• [What the task asks]
Print the entire listing below word for word, excluding its pictures.

• [Source data]
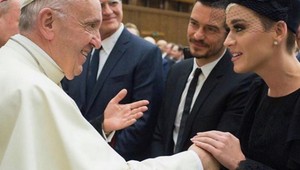 Dostali požehnanie?! Katy a Orlando sa stretli s pápežom
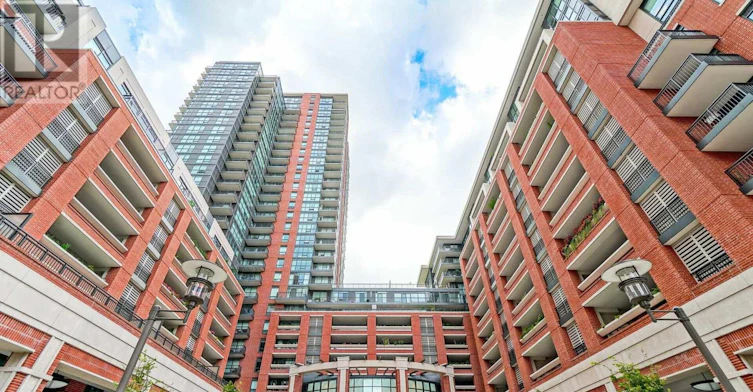 501-830 Lawrence Avenue W, Toronto, ON, M6A 0B6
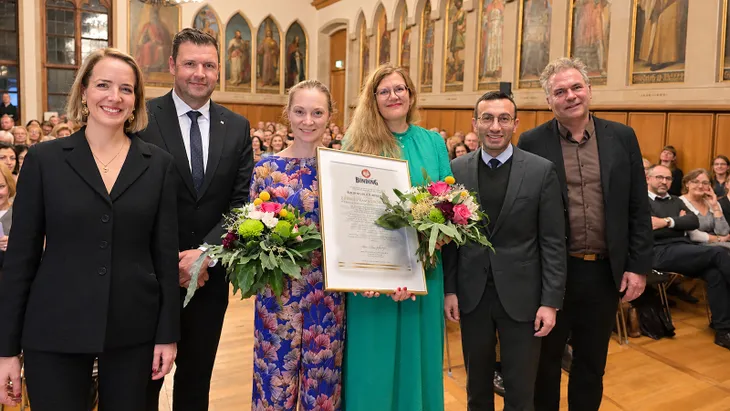 Im Kaisersaal: Marie-Catherine Gräfin Douglas, Martin Haustein, Leonore Dahlhoff, Anke Karen Meyer, Oberbürgermeister Mike Josef und Björn Gottstein (von links)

• [Response area]
 Dostali požehnanie?! Katy a Orlando sa stretli s pápežom
 501-830 Lawrence Avenue W, Toronto, ON, M6A 0B6
 Im Kaisersaal: Marie-Catherine Gräfin Douglas, Martin Haustein, Leonore Dahlhoff, Anke Karen Meyer, Oberbürgermeister Mike Josef und Björn Gottstein (von links)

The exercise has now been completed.